Sugarcane crop residues contain substantial quantities of C and plant nutrients, but there have been relatively few studies of how sugarcane residues enrich the soil and contribute to C sequestration, and most studies have been undertaken at only one or a few sites. The purpose of this study was to address these knowledge gaps by determining the magnitude and time scale of changes in soil concentrations of total C, C fractions and plant nutrients following retention of sugarcane residues. C fractions were determined by two different methods. We sampled soils from five experiments, in contrasting environments, where sugarcane residues had been either retained or removed for between 1 and 17 years. Changes in the concentration of both soil C and plant nutrients were highly site-specific and not in proportion to the period that residues were retained: for example, soil C (0–250mm) decreased by 0.9gkg−1 and 0.5gkg−1 at sites where residues had been retained for 1 and 17 years, respectively, but increased by 2.0gkg−1 at a site with residues retained for 6 years.

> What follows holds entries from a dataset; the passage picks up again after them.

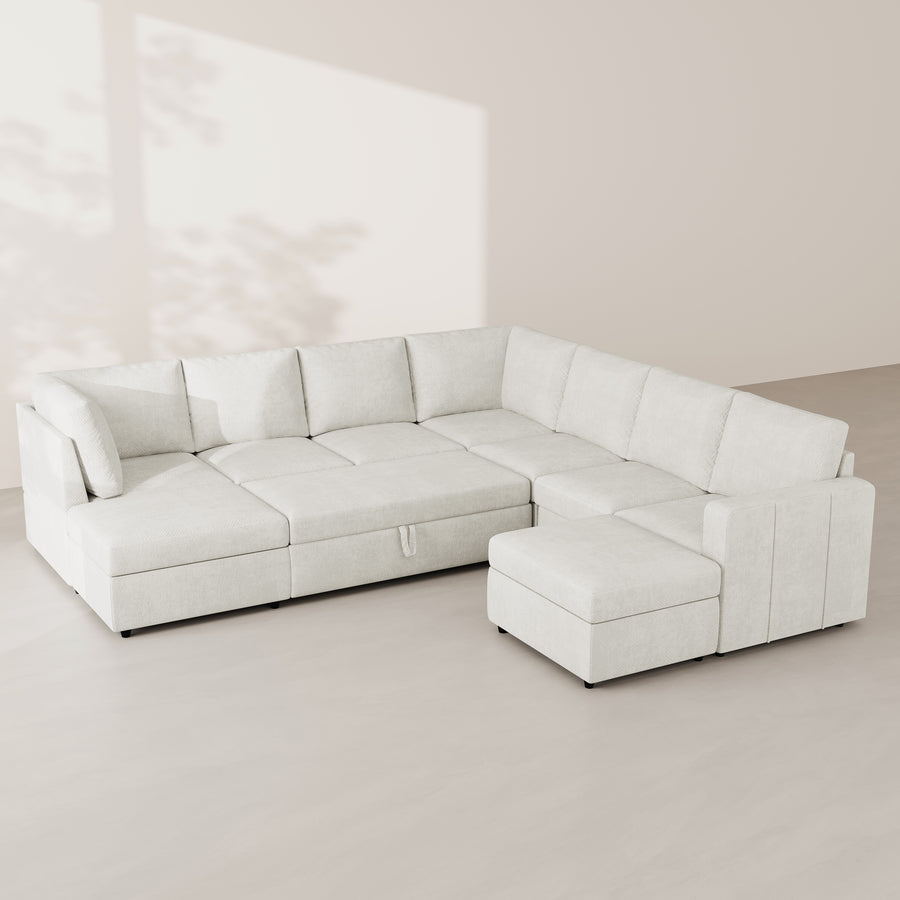 Misty-White-/-Chenille-9-Seat-U-Shaped-Pullout-Sectional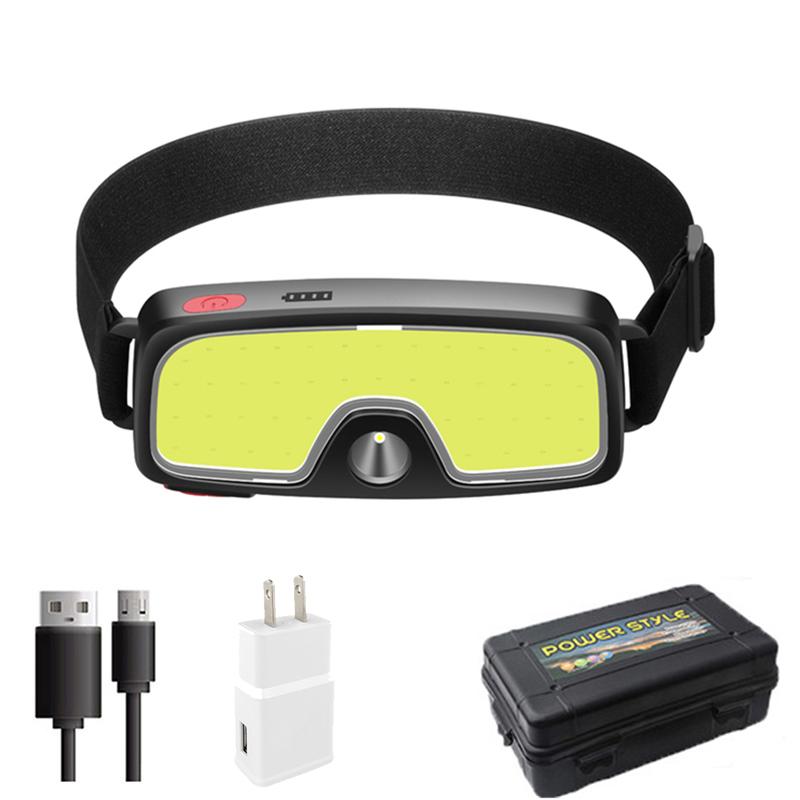 Strong Light High Brightness COB Headlight USB Rechargeable Headlamp Night Fishing Headtorch Light Outdoor Cycling Floodlights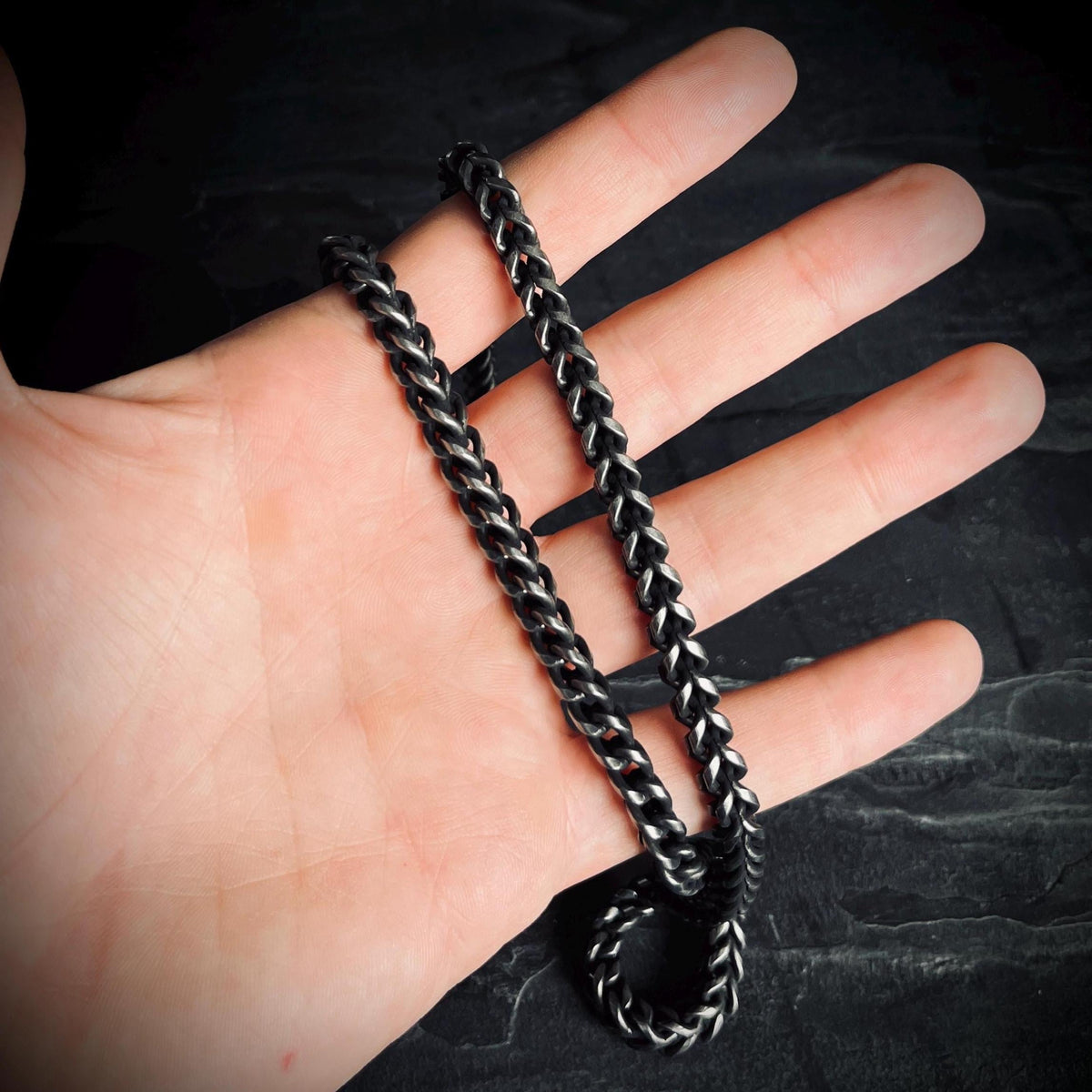 Oxidised Black & Silver Stainless Steel Chunky Thick Heavy Foxtail Chain Necklace - 24” Inches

Soil C composition, defined by the KMnO4 oxidation and particulate organic C-ultraviolet photo-oxidation fractionation (POC-UV) schemes, appeared to be a more sensitive indicator of changes in residue management, indicating that increases in readily-oxidisable C and particulate organic C, respectively, after 1 year of retaining instead of burning residues. The two methods provided different information that was complementary in understanding changes in soil C. The KMnO4 method identified downward movement of C fractions in the profile to 250mm, while the labile fractions measured by the POC-UV scheme appeared to be more sensitive to early changes in residue management (after 1 year). While recent studies have found that several concentrations of KMnO4 reduced all C fractions by a similar magnitude and thus concentrated on the fraction oxidised by the 333mM concentration of KMnO4, we found that use of both this and the 33mM concentration enabled a greater understanding of changes in C pools due to residue management.